Redemption is the root of the race problem in America. He feels that goals of "diversity" and "multiculturalism" are being undercut because of redemption. These goals are being interrupted by quotas and other such elements to simply make things more accessible to blacks and other minorities. Therefore, democracy is being challenged because people are given privileges due to their skin color and people are not being able to represent themselves because another is defining the problem for them.

Wrestling With Stigma

According to Steele, how we go about solving race-related problems is shaped by the stigmatization of whites, not the actual needs of blacks. Whites are stigmatized as being racists. Racial shame is associated with whites. Since whites are stigmatized as racists, blacks can manipulate them. Thus, blacks gain power by the stigma. Likewise, blacks have been stigmatized as inferior to whites. Therefore, whites may gain power off of that. Because of the stigma associated with whites, our nation's concepts like advancement by merit and an emphasis on individual rights are disregarded.

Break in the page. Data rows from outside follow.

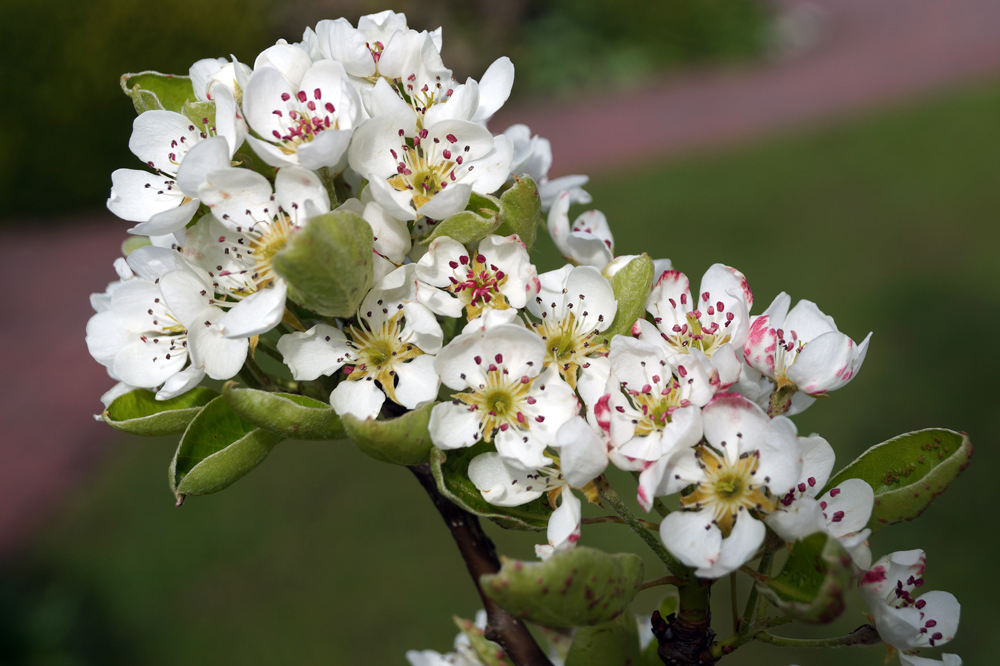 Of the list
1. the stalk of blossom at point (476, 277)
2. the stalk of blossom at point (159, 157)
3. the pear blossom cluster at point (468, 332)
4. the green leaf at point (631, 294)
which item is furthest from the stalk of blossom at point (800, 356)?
the stalk of blossom at point (159, 157)

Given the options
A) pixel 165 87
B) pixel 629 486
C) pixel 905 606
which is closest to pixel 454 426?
pixel 905 606

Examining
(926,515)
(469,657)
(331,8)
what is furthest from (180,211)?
(331,8)

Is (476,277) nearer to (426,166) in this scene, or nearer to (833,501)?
(426,166)

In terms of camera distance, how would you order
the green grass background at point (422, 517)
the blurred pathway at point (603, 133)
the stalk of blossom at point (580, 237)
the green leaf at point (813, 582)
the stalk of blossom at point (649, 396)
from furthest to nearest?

Affirmative action programs and group preferences are changing the whole democracy in America. Our so called reforms have left the black race unchallenged and less motivated to achieve what the white man as the ability to achieve. "Iconography" is created when racial reform only exists for what it depicts, not for what it actually does. Once one is stigmatized, he or she try to reform his or herself by changing their appearances. When this occurs "stigma fighting" is encountered. Because of the stigma, blacks are inferior, slavery and segregation took place in the past. Now "culture preferences" are resulting because of the white stigma as racists. Accordingly, democracy is fading due to theses stigmas and guilt trips.

Liberal Bias and the Zone of Decency

This essay looks at the effects of "group preferences" and exhibits a decency scale that should be followed in our society. Instead of looking to master diversity problems, schools are allowing groups of people in because their races are underrepresented. This raises many issues. Merit is a long standing principle of the American Dream and I, agreeing with Steele, would have to wonder if allowing people to have an education based on skin color only is appropriate. I would have to say no. However, I do feel like, because I am white, blacks are entitled to certain preferences. This Steele would label as "white redemption." I can see Steele's argument that group preferences undermine the abilities of blacks. Yet, I feel they are owed. Steele comments that whites enter the zone of decency by supporting preferences. But in the long run these preferences are inhibiting blacks from advancement and achievement. Therefore, blacks are indirectly victimized by whites.

The New Sovereignty

Due to the civil rights movement, the color of skin could not keep one from entering a certain facility, receiving an equal education, and eating at a particular diner. By the late 1970s, the color of your skin could actually get you into a specific school and guarantee you certain grants and scholarships. Steele acknowledges that college campuses are separated in many ways. They have separate "ethnic" themes, policies, studies, and lounges. Women even have their own organizations and studies. Steele maintains that people should be responsible for themselves and subsequently have their own power. Blacks are not the only ones to suffer from redemptive actions. Other groups like women, Hispanics, and Asians are also being effected. The new sovereignty that is taking place is bringing a power that continues to victimize others.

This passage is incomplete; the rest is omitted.